Now, he uses a tractor to plow some of the old rice stalks back into the earth. As they decompose, they release rich nutrients into the soil, which contributes to reducing the cost of chemical fertilisers by about 60 per cent.
Four years ago he bought a hay baling machine, so he could bale up most of the stalks to save it for growing mushrooms or feeding his 45 cows.
After being used to grow mushrooms, the stalks decompose. Once broken down, they can be mixed with cow dung and chicken manure to produce a powerful compost mixture. Hong produces more than 200 tonnes of compost a year, which is sold to durian farmers in Preah Vihear and Battambang provinces. He earns more than $10,000 per year through this side business.
Lok Pisey, a farmer in Por village, Kraing Svay commune, Preah Sdach district, Prey Veng province told The Post that until recently, none of the farmers in her village were aware that there was a market for the by-product of rice production.
Villagers used to abandon rice stalks in the fields – just to keep the fields moist so grass would grow for the cattle to eat. When the rice-planting season arrived, they would burn off the remaining material to kill all weeds and then begin re-planting.
“In the past two years, traders have appeared after the harvest and wanted to buy them. We have been offered from 500,000 to 800,000 riel per hectare, so I sold some and kept some as animal feed,” she said.
Pisey said she has 3.5ha of farmland, and generally plants and harvests rice twice a year. She sells 2ha worth of stalks per season, keeping 1.5ha to feed her livestock.

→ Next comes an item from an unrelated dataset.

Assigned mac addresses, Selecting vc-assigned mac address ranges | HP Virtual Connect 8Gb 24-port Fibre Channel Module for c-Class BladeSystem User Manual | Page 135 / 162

According to Pisey, she earns a little more than two million riel a tear from the sales. Some of her neighbours harvest three times a year, and earn even more.
A farmer from Svay Rieng province’s Chantrea district, 45-year-old Dun Ry, said farmers are very happy at the growth of this new market.
“In the past, selling rice was also difficult. Nowadays there is a market for our rice, but also the hay and rice stalks, and we are getting good prices for them all,” he said.
According to Ry, selling the stalks is not difficult at all. They can be sold to traders who will bring their own baling machine for around 500,000 riel per hectare or the farmers can hire a baler themselves and transport the bales to the Vietnamese border themselves – there are a lot of buyers, he said.
“If we employ a baling machine and operator, they will charge 1,500 riel per 10kg bale. Generally there are more than 200 bales in each hectare. Once we have transported them to the border, we can sell them for five or six thousand riel per bale, so if you deduct the costs of transport, baling and labour, we can earn from 700,000 to 900,000 riel per hectare.
However, Sim Sarom, a farmer in Kampong Speu province’s Oudong district, warned that the sales may provide short term benefits and income, but could have potentially disastrous consequences for the Kingdom’s farmlands.
“Hay and rice stalks – especially husks – are the best natural fertiliser. The increase soil fertility and long-term moisture, meaning that all kinds of crops, especially rice, grow with higher yields,” he said.
“If we tear up the stalks and plow one tonne of them into each hectare of farmland, with just one weeks’ watering they will become compost. In some cases, this could save up to two million riel worth of fertiliser, effectively meaning it was worth two million riel to the farmer,” he explained.
According to Sarom, farmers should think about the long term future of their farmland, and not just sell the stalks for fast cash. It was far easier to make use of them, thanks to the prevalence of modern agricultural machinery, he added.